S. cerevisiae strains from diverse natural habitats harbour a vast
amount of phenotypic diversity [3], driven by interactions between
yeast and the respective environment. In grape juice
fermentations, strains are exposed to a wide array of biotic and abiotic
stressors [4], which may lead to strain selection and generate
naturally arising strain diversity. Outside the wineries, this
diversifying selection occurs due to unique pressures imposed
after expansion into new habitats [59]. This agrees with findings
showing that wine and sake strains are phenotypically more
diverse than would be expected from their genetic relatedness
[10].
Recent phylogenetic analyses of S. cerevisiae strains showed that
the species as a whole consists of both domesticated and wild
populations. DNA sequence analysis revealed that domesticated
strains derived from two independent clades, corresponding to
strains from winemaking and sake. Wild populations are mostly
associated with oak trees, nectars or insects [1113]. Although
some S. cerevisiae strains are specialized for the production of
alcoholic beverages, they were derived from natural populations
that were not associated with industrial fermentations. This was
proposed once that the oldest lineages and the majority of
variation were found in strains from sources unrelated to wine
production [14].
The phenotypic diversity of S. cerevisiae strains has been explored
for decades in strain selection programmes to choose the ones that
enhance the wines sensorial characteristics and confer typical
attributes to specific wines. These strains are used as commercial
ones by winemakers to efficiently ferment grape musts and
produce desirable metabolites, associated with reduced off-flavours
[15,16]. Strain selection approaches are mentioned in many
studies aiming to characterize S. cerevisiae isolates obtained from
winemaking regions worldwide. The most relevant physiological
tests refer to fermentation rate and optimum fermentation
temperature, stress resistance (ethanol, osmotic and acidic), killer
phenotype, sulphur dioxide (SO2) tolerance and production,
hydrogen sulphide (H2S) production, glycerol and acetic acid
production, synthesis of higher alcohols (e.g. isoamyl alcohol,
npropanol, isobutanol), b-galactosidase and proteolytic enzyme
activity, copper resistance, foam production and flocculation [17].
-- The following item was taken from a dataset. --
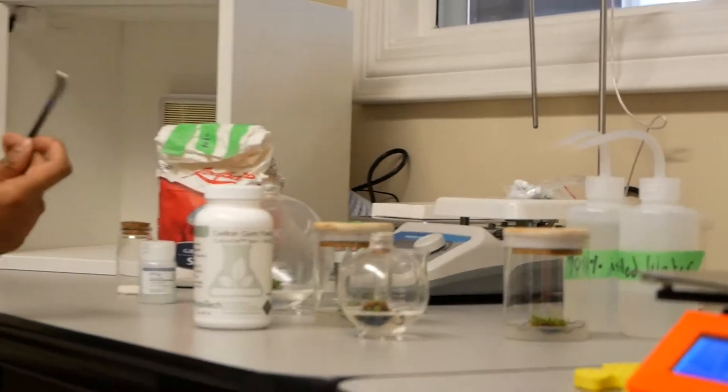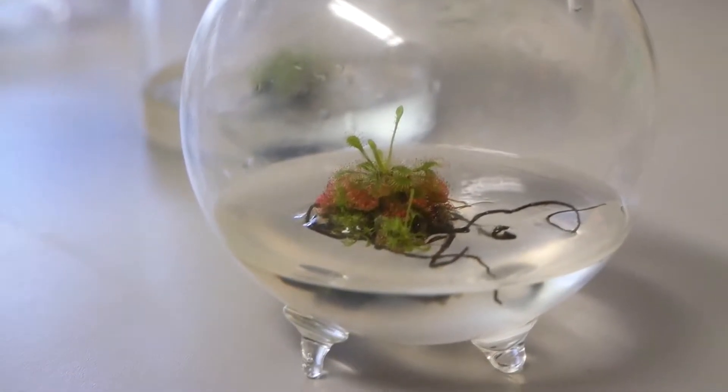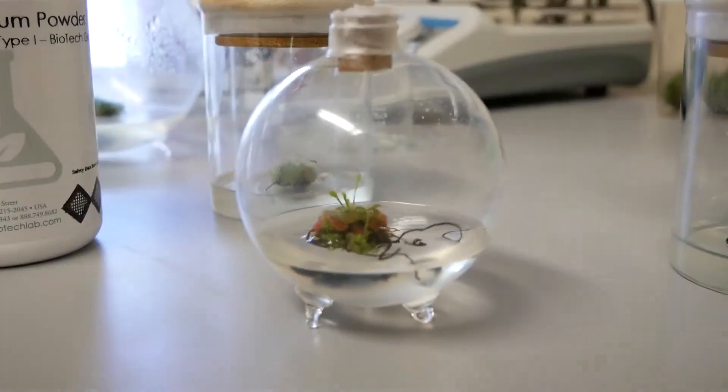We sterilized all the equipment we used, then transferred the plants, and sealed it with wax paper so no contamination could get in. I have noticed a little bit of growth in them — I believe these stems at the top weren't there when we started, and I'm tracking them currently.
In our previous work [18] we evaluated the phenotypic and
genetic variability of 103 S. cerevisiae strains from the Vinho Verde
wine region (Northwest Portugal). We then applied several data
mining procedures to estimate a strains phenotypic behaviour
based on its genotypic data. We used mainly taxonomic tests and
strains from winemaking environments of one geographical origin.
This study was, to our best knowledge, the first attempt to
computationally associate genotypic and phenotypic data of S.
cerevisiae strains. We used subgroup discovery techniques to
successfully identify strains with similar genetic characteristics
(microsatellite alleles) that exhibited similar phenotypes.